Passaram 60 anos desde que pisou, pela primeira vez, os corredores da Faculdade de Direito de Lisboa. Por lá, aprendeu a ser “irreverente”, “iconoclasta” e a manter-se sempre “desperto para o novo e o diferente”. Mesmo assim, Marcelo Rebelo de Sousa admitiu ontem, no seu discurso de jubilação da universidade, que foi incapaz de contornar a maior das fragilidades humanas. Não conseguiu “travar o andar do tempo”.

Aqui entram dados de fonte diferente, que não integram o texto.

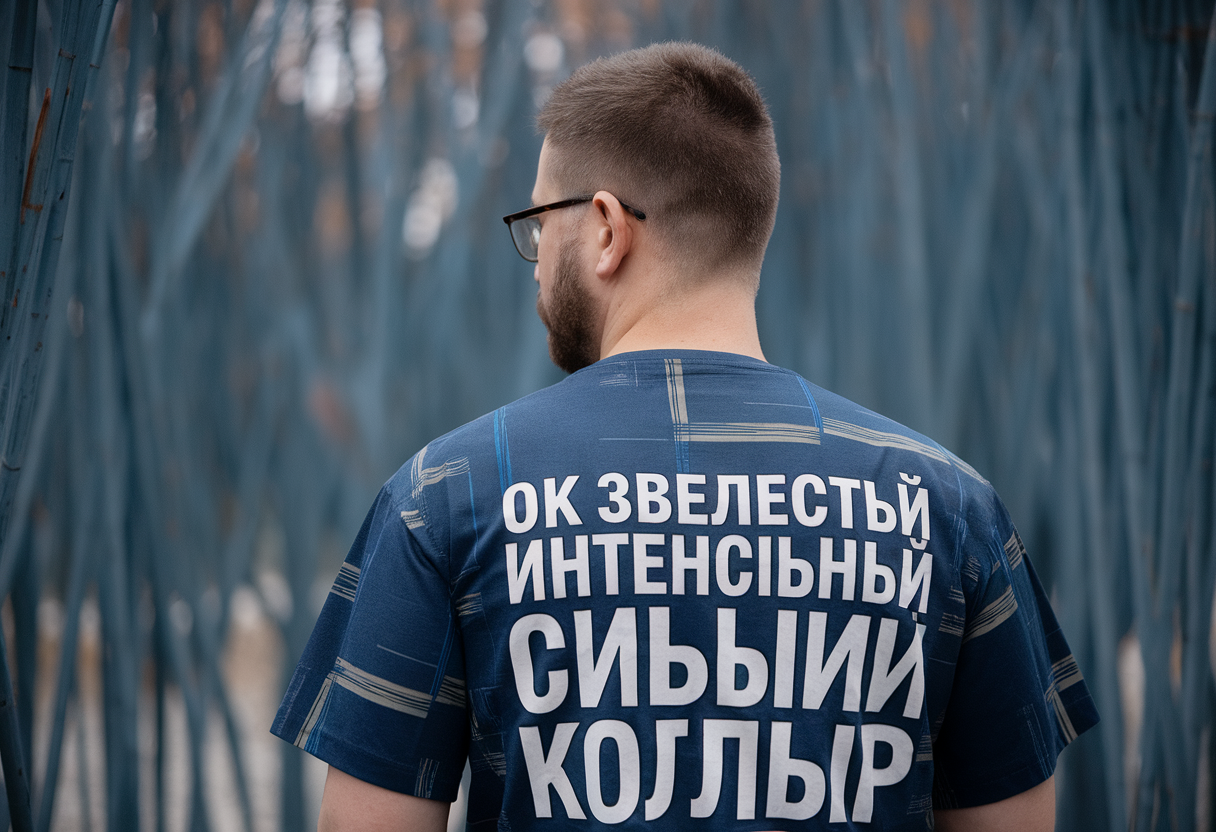 Селекція та забарвлення квітів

Na plateia da Aula Magna, para assistir à última lição de Marcelo – o aluno, professor e agora Presidente – esteve a nata da Academia e da Política. Os antigos presidentes da República Jorge Sampaio e Ramalho Eanes sentaram-se na primeira fila. Da lista de convidados fizeram ainda parte atuais ministros – como Eduardo Cabrita, da Administração Interna, ou Tiago Brandão Rodrigues, da Educação – e o presidente da Assembleia da República, Ferro Rodrigues. Bacelar Vasconcelos, Pedro Mexia, Teresa Caeiro, Manuela Ferreira Leite, Carlos César e Jaime Gama também por lá estiveram, para ouvir a história dos 60 anos de Marcelo na Universidade de Lisboa.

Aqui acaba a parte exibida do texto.